What to work on:
Once the line containing "Asha Sweet Center" is reached in the listing below, reproduce it and all later lines through the final one exactly, but omit any pictures.
(Given data)
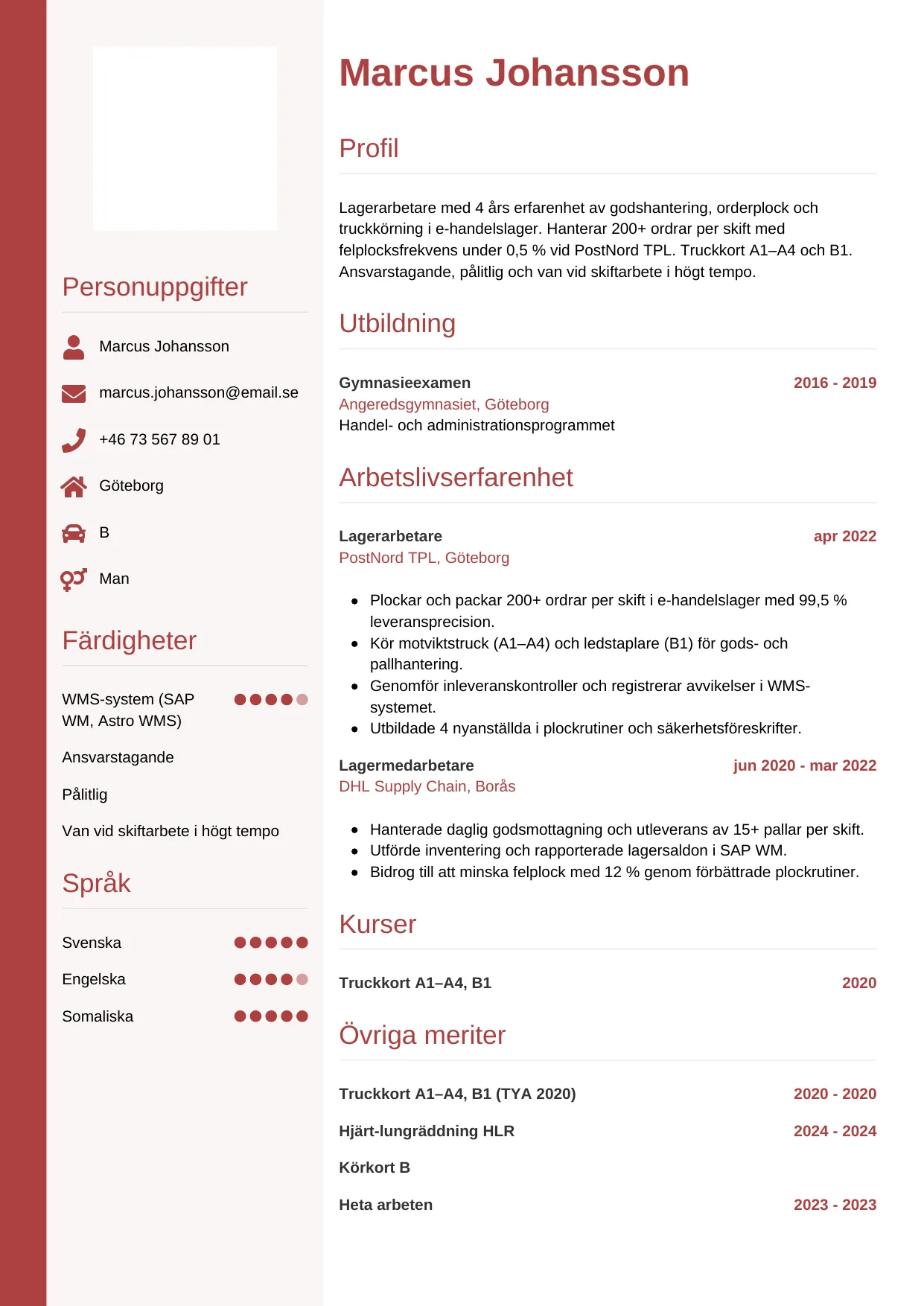 CV-mall Vertikal — gratis CV-mall för din ansökan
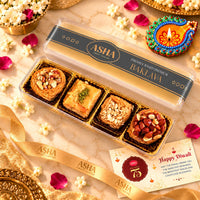 Asha Sweet Center Baklava (100gm) Diwali Gift Hamper with Handmade Diya & Wish Card Included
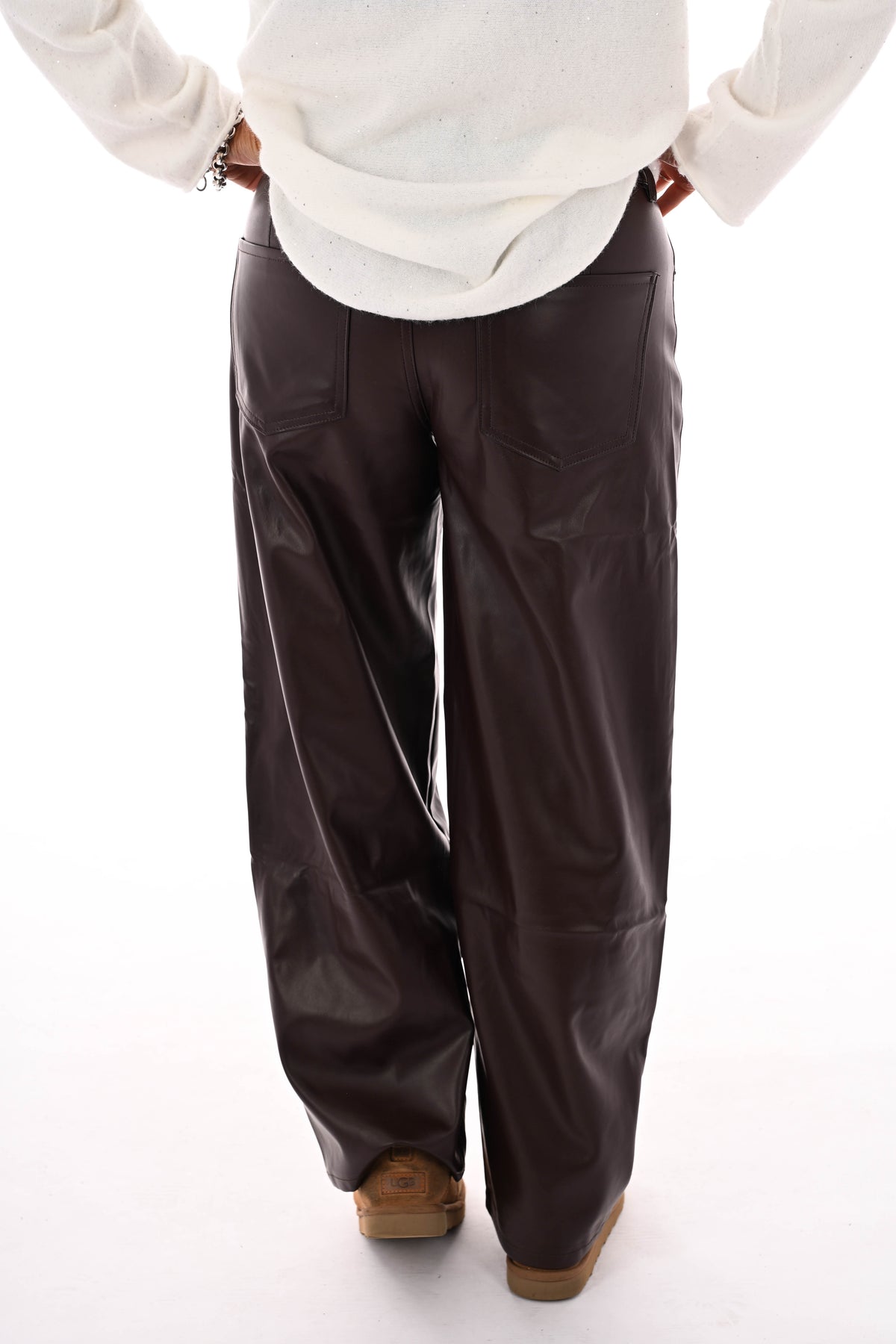 Laulia leatherlook baggy broek bruin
(End Given data)
Expected output:
 Asha Sweet Center Baklava (100gm) Diwali Gift Hamper with Handmade Diya & Wish Card Included
 Laulia leatherlook baggy broek bruin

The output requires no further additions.